Recently when I was doing Universal Cup Round 5, I got stuck a tree problem A as I realised that my solution required way too much memory. However, after the contest, I realised that there was a way that I can reduce a lot of memory using HLD. So here I am with my idea...

Structure of Tree DP

Most tree DP problems follow the following structure.

struct S {
    // return value of DP
};
S init(int u) {
    // initialise the base state of dp[u]
}
S merge(S left, S right) {
    // returns the new dp state where old state is left and transition using right
}
S dp(int u, int p) {
    S res = init(u);
    for (int v : adj[u]) {
        if (v == p) continue;
        res = merge(res, dp(v, u));
    }
    return res;
}
int main() {
    dp(1, -1);
}

An example of a tree DP using this structure is maximum independent set (MIS).

struct S {
    // return value of DP
    int take, notTake;
};
S init(int u) {
    // initialise the base state of dp[u]
    return {1, 0};
}
S merge(S left, S right) {
    // returns the new dp state where old state is left and transition using right
    return {left.take + right.notTake, left.notTake + max(right.take, right.notTake)};
}
S dp(int u, int p) {
    S res = init(u);
    for (int v : adj[u]) {
        if (v == p) continue;
        res = merge(res, dp(v, u));
    }
    return res;
}
int main() {
    dp(1, -1);
}

Suppose struct $$$S$$$ requires $$$|S|$$$ bytes and our tree has N vertices. Then this naive implementation of tree dp requires $$$O(N\cdot |S|)$$$ memory as res of the parent is stored in the recursion stack as we recurse down to the leaves.
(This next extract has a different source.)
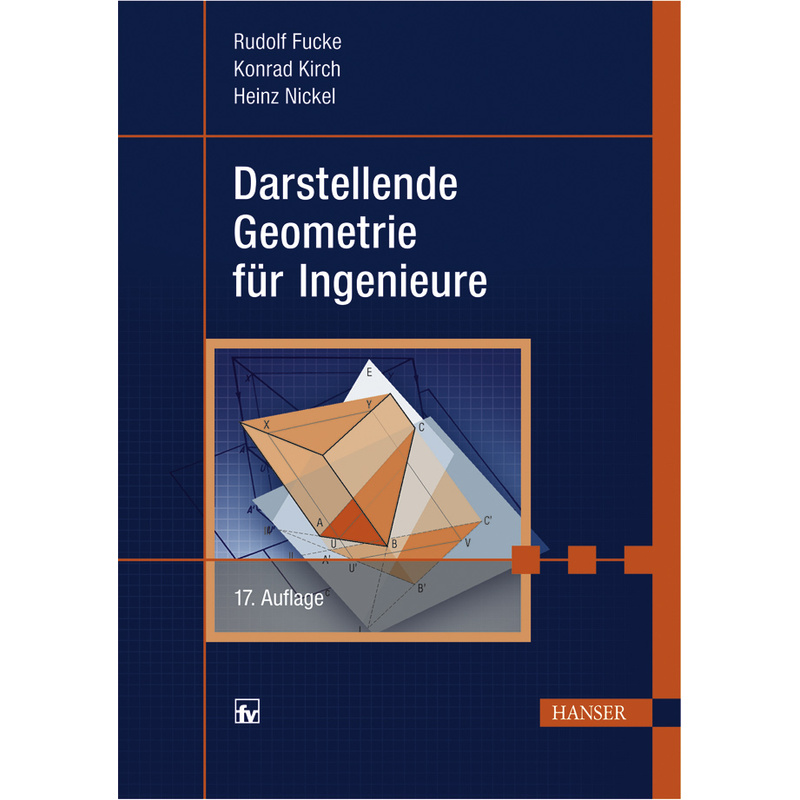 Darstellende Geometrie Für Ingenieure - Rudolf Fucke, Konrad Kirch, Heinz Nickel, Kartoniert (TB) von Hanser Fachbuchverlag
This is fine for many problems as most of the time, $$$|S| = O(1)$$$, however in the case of the above question, $$$|S| = 25^2\cdot 24$$$ bytes and $$$N = 10^5$$$, which will require around $$$1.5$$$ gigabytes of memory, which is too much to pass the memory limit of $$$256$$$ megabytes.

Optimization

We try to make use of the idea of HLD and visit the visit the vertex with the largest subtree size first.

struct S {
    // return value of DP
    int take, notTake;
};
S init(int u) {
    // initialise the base state of dp[u]
    return {1, 0};
}
S merge(S left, S right) {
    // returns the new dp state where old state is left and transition using right
    return {left.take + right.notTake, left.notTake + max(right.take, right.notTake)};
}
int sub[MAXN];
void getSub(int u, int p) {
    sub[u] = 1;
    pair<int, int> heavy = {-1, -1};
    for (int i = 0; i < adj[u].size(); i++) {
        int v = adj[u][i];
        if (v == p) continue;
        heavy = max(heavy, {sub[v], i});
    }
    // make the vertex with the largest subtree size the first
    if (heavy.first != -1) {
        swap(adj[u][0], adj[u][heavy.second]);
    }
}
S dp(int u, int p) {
    // do not initialize yet
    S res;
    bool hasInit = false;
    for (int v : adj[u]) {
        if (v == p) continue;
        if (!hasInit) {
            res = init();
            hasInit = true;
        }
        res = merge(res, dp(v, u));
    }
    if (!hasInit) {
        res = init();
        hasInit = true;
    }
    return res;
}
int main() {
    getSub(1, -1);
    dp(1, -1);
}